1.25 Heavy Ball momentum for quadratically upper bounded convex objective 

PEPit.examples.unconstrained_convex_minimization.wc_heavy_ball_momentum_qg_convex(L, n, wrapper='cvxpy', solver=None, verbose=1)[source]

Consider the convex minimization problem

\[f_\star \triangleq \min_x f(x),\]

where \(f\) is quadratically upper bounded (\(\text{QG}^+\) [2]), i.e. \(\forall x, f(x) - f_\star \leqslant \frac{L}{2} \|x-x_\star\|^2\), and convex.

This code computes a worst-case guarantee for the Heavy-ball (HB) method, aka Polyak momentum method.
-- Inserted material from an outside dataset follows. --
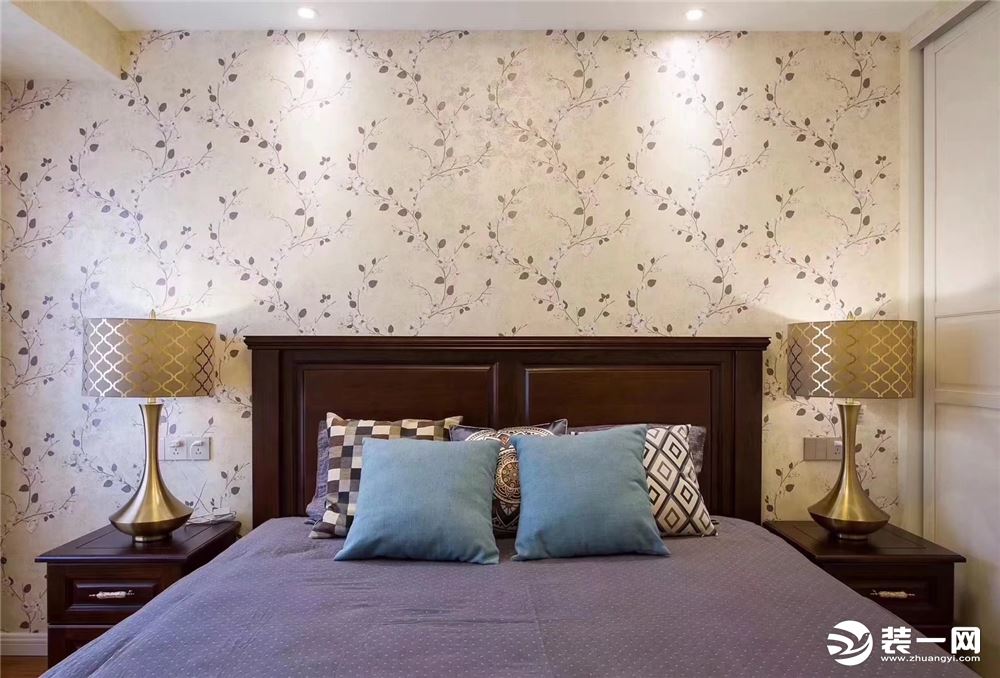 重庆生活家装饰|120平方现代美式风格装修案例 卧室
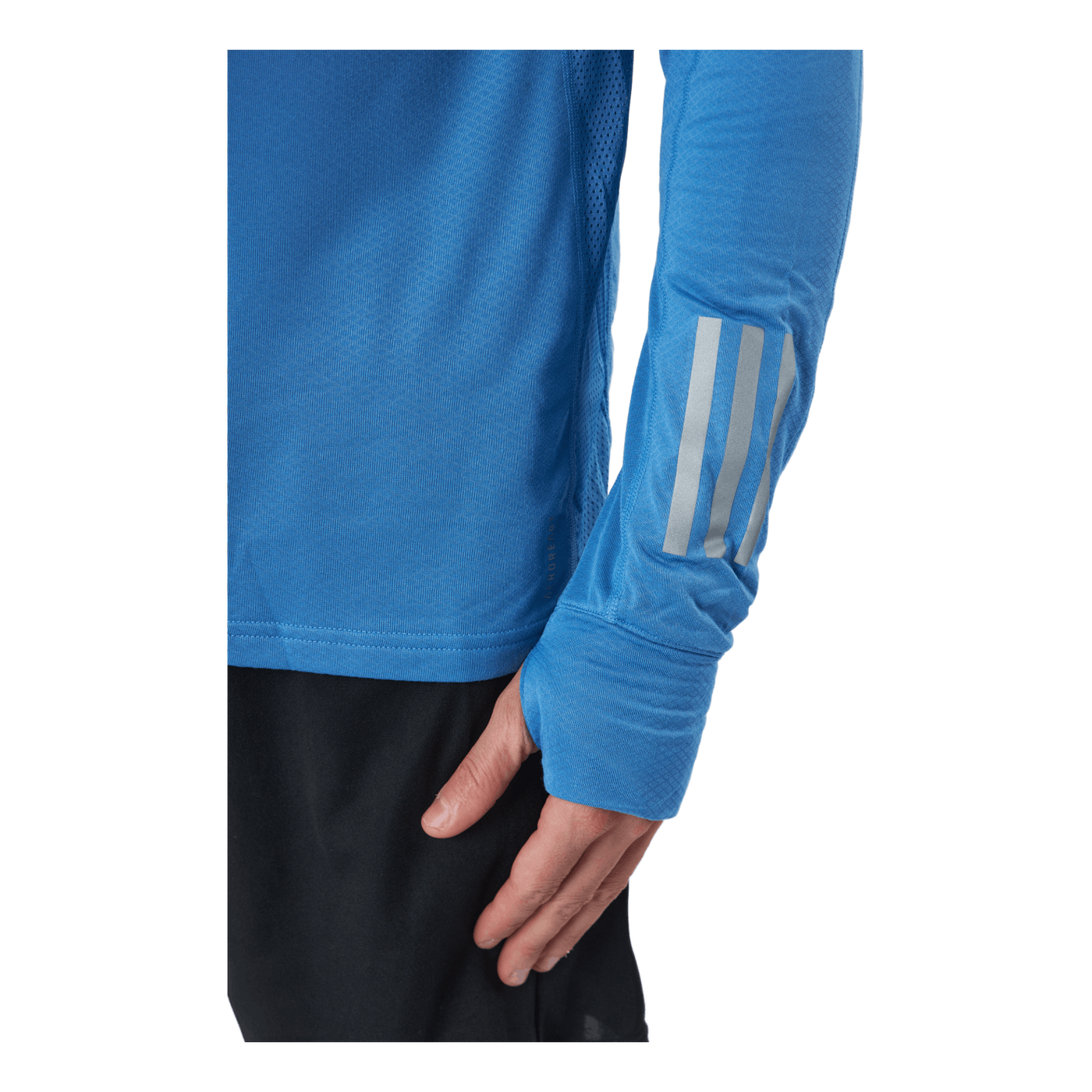 Adidas Own The Run Warm 1/2 Zip Men Focus Blue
That is, it computes the smallest possible \(\tau(n, L)\) such that the guarantee

\[f(x_n) - f_\star \leqslant \tau(n, L) \|x_0 - x_\star\|^2\]

is valid, where \(x_n\) is the output of the Heavy-ball (HB) method, and where \(x_\star\) is the minimizer of \(f\). In short, for given values of \(n\) and \(L\), \(\tau(n, L)\) is computed as the worst-case value of \(f(x_n)-f_\star\) when \(\|x_0 - x_\star\|^2 \leqslant 1\).

Algorithm:

This method is described in [1]

\[x_{t+1} = x_t - \alpha_t \nabla f(x_t) + \beta_t (x_t-x_{t-1})\]

with

\[\alpha_t = \frac{1}{L} \frac{1}{t+2}\]

and

\[\beta_t = \frac{t}{t+2}\]

Theoretical guarantee:

The tight guarantee obtained in [2, Theorem 2.3] (lower) and [2, Theorem 2.4] (upper) is

\[f(x_n) - f_\star \leqslant \frac{L}{2}\frac{1}{n+1} \|x_0 - x_\star\|^2.\]
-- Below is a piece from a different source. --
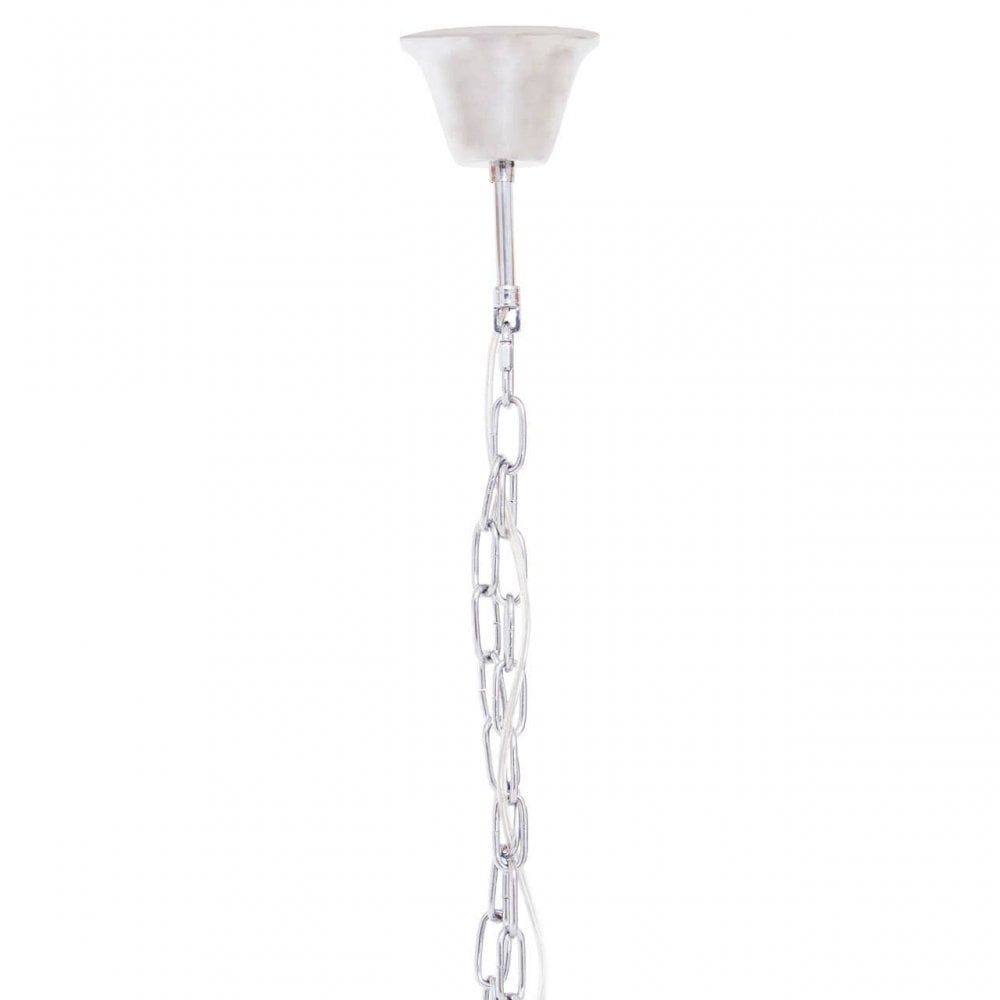 Babylon Eight Bulb Chrome Chandelier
References: This methods was first introduce in [1, section 3], and convergence tight bound was proven in [2, Theorem 2.3] (lower) and [2, Theorem 2.4] (upper).

[1] E. Ghadimi, H. R. Feyzmahdavian, M. Johansson (2015). Global convergence of the Heavy-ball method for convex optimization. European Control Conference (ECC).
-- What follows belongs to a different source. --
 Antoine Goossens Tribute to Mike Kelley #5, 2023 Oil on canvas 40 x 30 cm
[2] B. Goujaud, A. Taylor, A. Dieuleveut (2022). Optimal first-order methods for convex functions with a quadratic upper bound.

Parameters:

L (float) – the quadratic growth parameter.
n (int) – number of iterations.
wrapper (str) – the name of the wrapper to be used.
solver (str) – the name of the solver the wrapper should use.
verbose (int) –
level of information details to print.
- -1: No verbose at all.
- 0: This example’s output.
- 1: This example’s output + PEPit information.
- 2: This example’s output + PEPit information + solver details.

Returns:

pepit_tau (float) – worst-case value
theoretical_tau (float) – theoretical value

Example

>>> pepit_tau, theoretical_tau = wc_heavy_ball_momentum_qg_convex(L=1, n=5, wrapper="cvxpy", solver=None, verbose=1)
(PEPit) Setting up the problem: size of the Gram matrix: 8x8
(PEPit) Setting up the problem: performance measure is the minimum of 1 element(s)
(PEPit) Setting up the problem: Adding initial conditions and general constraints ...
(PEPit) Setting up the problem: initial conditions and general constraints (1 constraint(s) added)
(PEPit) Setting up the problem: interpolation conditions for 1 function(s)
                        Function 1 : Adding 48 scalar constraint(s) ...
                        Function 1 : 48 scalar constraint(s) added
(PEPit) Setting up the problem: additional constraints for 0 function(s)
(PEPit) Compiling SDP
(PEPit) Calling SDP solver
(PEPit) Solver status: optimal (wrapper:cvxpy, solver: MOSEK); optimal value: 0.08333333312677232
(PEPit) Primal feasibility check:
                The solver found a Gram matrix that is positive semi-definite
                All the primal scalar constraints are verified up to an error of 1.0357759788748311e-10
(PEPit) Dual feasibility check:
                The solver found a residual matrix that is positive semi-definite
                All the dual scalar values associated with inequality constraints are nonnegative up to an error of 9.410870890813632e-11
(PEPit) The worst-case guarantee proof is perfectly reconstituted up to an error of 2.3134912789184716e-09
(PEPit) Final upper bound (dual): 0.08333333333831308 and lower bound (primal example): 0.08333333312677232
(PEPit) Duality gap: absolute: 2.1154075713347709e-10 and relative: 2.5384890918939593e-09
*** Example file: worst-case performance of the Heavy-Ball method ***
        PEPit guarantee:         f(x_n)-f_* <= 0.0833333 ||x_0 - x_*||^2
        Theoretical guarantee:   f(x_n)-f_* <= 0.0833333 ||x_0 - x_*||^2

1.26 Gradient descent for smooth strongly convex quadratic objective 

PEPit.examples.unconstrained_convex_minimization.wc_gradient_descent_quadratics(mu, L, gamma, n, wrapper='cvxpy', solver=None, verbose=1)[source]

Consider the convex minimization problem

\[f_\star \triangleq \min_x f(x),\]

where \(f=\frac{1}{2} x^T Q x\) is \(L\)-smooth and \(\mu\)-strongly convex (i.e. \(\mu I \preceq Q \preceq LI\)).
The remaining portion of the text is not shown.